The data forced us to challenge everything we believed about modern infrastructure. Sometimes — not always, but sometimes — the best optimization is stripping away the very layers we thought were helping us.

Where We Are Now

We didn’t abandon Kubernetes entirely. That would be stupid. Our API layer, data processing pipeline, dashboard — all of that still runs on managed infrastructure because it makes sense there. But for the UDP ingestion layer, that absolute performance bottleneck? Bare metal Rust was the only architecture that could deliver what we needed.

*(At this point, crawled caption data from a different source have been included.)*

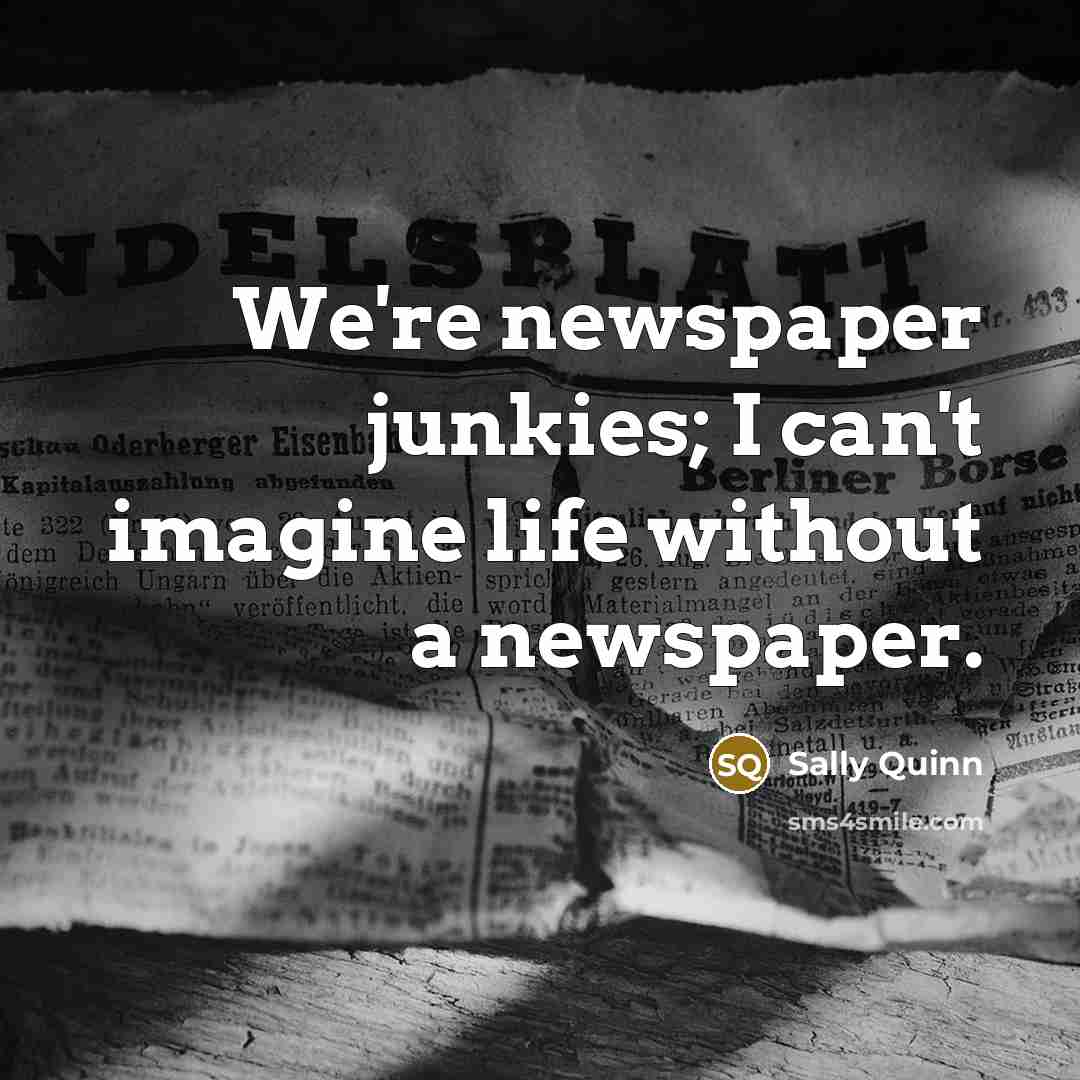 “We're newspaper junkies; I can't imagine life without a newspaper.…” quote by Sally Quinn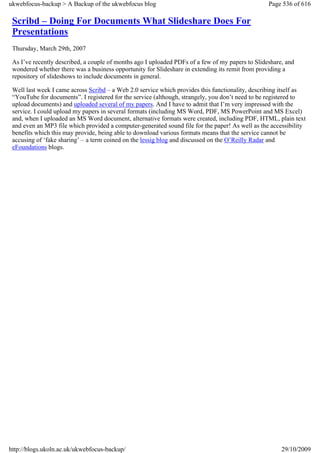ukwebfocus-backup > A Backup of the ukwebfocus blog                                               Page 536 of 616

 Scribd – Doing For Documents What Slideshare Does For
 Presentations
 Thursday, March 29th, 2007

 As I’ve recently described, a couple of months ago I uploaded PDFs of a few of my papers to Slideshare, and
 wondered whether there was a business opportunity for Slideshare in extending its remit from providing a
 repository of slideshows to include documents in general.

 Well last week I came across Scribd – a Web 2.0 service which provides this functionality, describing itself as
 “YouTube for documents”. I registered for the service (although, strangely, you don’t need to be registered to
 upload documents) and uploaded several of my papers. And I have to admit that I’m very impressed with the
 service. I could upload my papers in several formats (including MS Word, PDF, MS PowerPoint and MS Excel)
 and, when I uploaded an MS Word document, alternative formats were created, including PDF, HTML, plain text
 and even an MP3 file which provided a computer-generated sound file for the paper! As well as the accessibility
 benefits which this may provide, being able to download various formats means that the service cannot be
 accusing of ‘fake sharing’ – a term coined on the lessig blog and discussed on the O’Reilly Radar and
 eFoundations blogs.




http://blogs.ukoln.ac.uk/ukwebfocus-backup/                                                            29/10/2009
 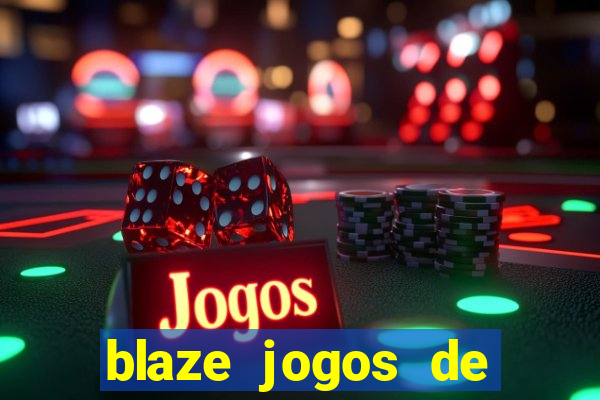 blaze jogos de aposta online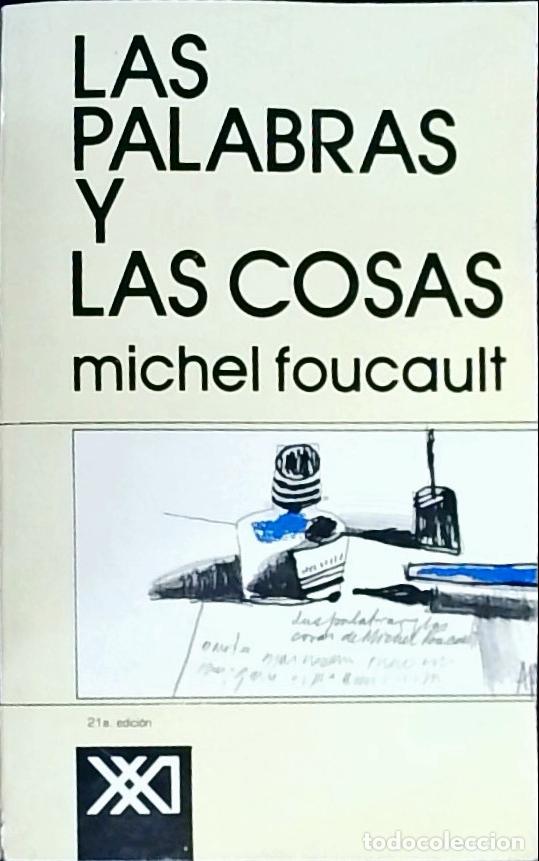 Libri di seconda mano: Las palabras y las cosas: una arqueolog&iacute;a de las ciencias humanas - Foucault, Michel:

The lesson I keep coming back to: choose your abstractions deliberately. With intention. Cloud native isn’t always the answer. Sometimes it is! But sometimes — like in our case — going back to basics (Rust, bare metal, careful systems engineering) unlocks performance that managed services can never, ever provide. Our sensor network now handles 1.9 million packets per second with sub-millisecond jitter. Consistently. Reliably. We sleep better knowing those industrial sensors — monitoring oil pipeline pressures, semiconductor fab temperatures, factory equipment — are reporting accurately, without data loss. The abstraction tax is real. You just have to know when to pay it, and when to build closer to the metal. Sometimes the old ways are the best ways. Or maybe they’re just different ways, with different tradeoffs. Either way, we found what works for us.